Wednesday, December 07, 2005

Wax On, Wax Off

I don’t know if it’s like this for you, but keeping track of my facial hair is starting to feel like a part-time job! Eyebrows, and upper lip were bad enough - now add lower lip, chin, and these crazy neck hairs! By the time I take care of all these areas something else grows and I have to start all over again.

I tweeze, I wax, and I use depilatories. I’ve even tried a device that resembles a nail file. This thing is supposed to “buff” the hair off your face. I was a bit overzealous. I removed the hair but wound up with what looked like rug burns in the corners of my mouth.

Sometimes when I’m watching TV, I gently scan my face with my fingertips looking for strays – tweezers at the ready.

I’ll admit I’m a bit obsessed. I can’t help it. This is how I was raised.

Some girls experience a rite of passage when they start their menstrual cycles or shave their legs. When my mother first heated up her wax pot for me, I knew I was a woman.

“You can’t just bleach it because the hair is still there, “she’d say.

And so it began. Not only did I keep an eye out for my own hairy lip, I began to notice others. Knowing my mother is always on the look out keeps me on the ball. I remember once when I returned home to New York for a visit. My mother said something to me that I’ll always remember. I’m not sure if it was at the gate or the baggage claim…maybe it was in the car on the way to her house. After the big hugs and smiles she turned to me and said, “You have to do your ‘stache.”

To this day, my sister and I will be innocently sitting in my mother’s kitchen – drinking coffee and talking – when Mom will suddenly jump up and exclaim, “Let’s do our mustaches!” She gets out the little pot and puts it on the stove. Sometimes one of my sisters-in-law will be there. “Do you want to do yours?” she asks with a smile like she’s giving out candy.

Mom’s a little too happy about the whole process. We all sit around the table with this brown wax on our upper lips and my mother does her usual Groucho Marx imitation. (“Say the secret word and win a prize!”) This is the easy part. Soon the party moves into the bathroom where Audrey and I take turns sitting on the toilet clutching on to a towel with our eyes closed as our mother yanks the wax and hair off of our faces. She holds wax up to the light and says, “It looks like grass.” Then the really scary part comes. Mom carefully examines our upper lips and nine times out of ten proclaims, It didn’t get it all. We need to do it again.” At this point I start remembering things I’ve done wrong as a kid that maybe I haven’t been forgiven for. Is this a beauty treatment or retribution?

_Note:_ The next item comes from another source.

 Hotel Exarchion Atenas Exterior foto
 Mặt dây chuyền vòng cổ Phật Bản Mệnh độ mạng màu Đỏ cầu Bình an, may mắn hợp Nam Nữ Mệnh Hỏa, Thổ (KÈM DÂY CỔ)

Afterward, as I slather on the moisturizer, my mother says, “I can’t believe how red your skin gets!”

Let’s think about this for a minute. We just put hot wax on my skin, left it there to harden a bit and then ripped out my hair by the roots. My skin is now red and tender – Shocker!

Incidentally, the women in my family are all fair skinned with fair hair and blue eyes. In fact we’re not particularly hairy at all. So I guess we’re just nuts. Nuts with smooth upper lips, but nuts all the same

1 comments:

annereed said...

HILARIOUS!!!!!!

I'm from a particularly dark haired family, and married a very hairy polish man, who has a very hairy mother who is denial about her 'stache (to the point where I had to ask our wedding photographer if he could airbrush it out of our wedding pictures). My daughter will be waxing by her fifth birthday.

I've done hot wax, cold wax, depilatories- even the scrapey thing you described. My tweezers are a great friend to me!

It's always been a secret, unspoken thing in our family....we don't discuss that we wax, except for my Aunt Beth, who decided to try the laser treatments. Bad idea. We all have sensitive skin, and she got the worst acne in that area, so she decided smooth skin was better than acne.....and now we have to put up with her sparse beard as well!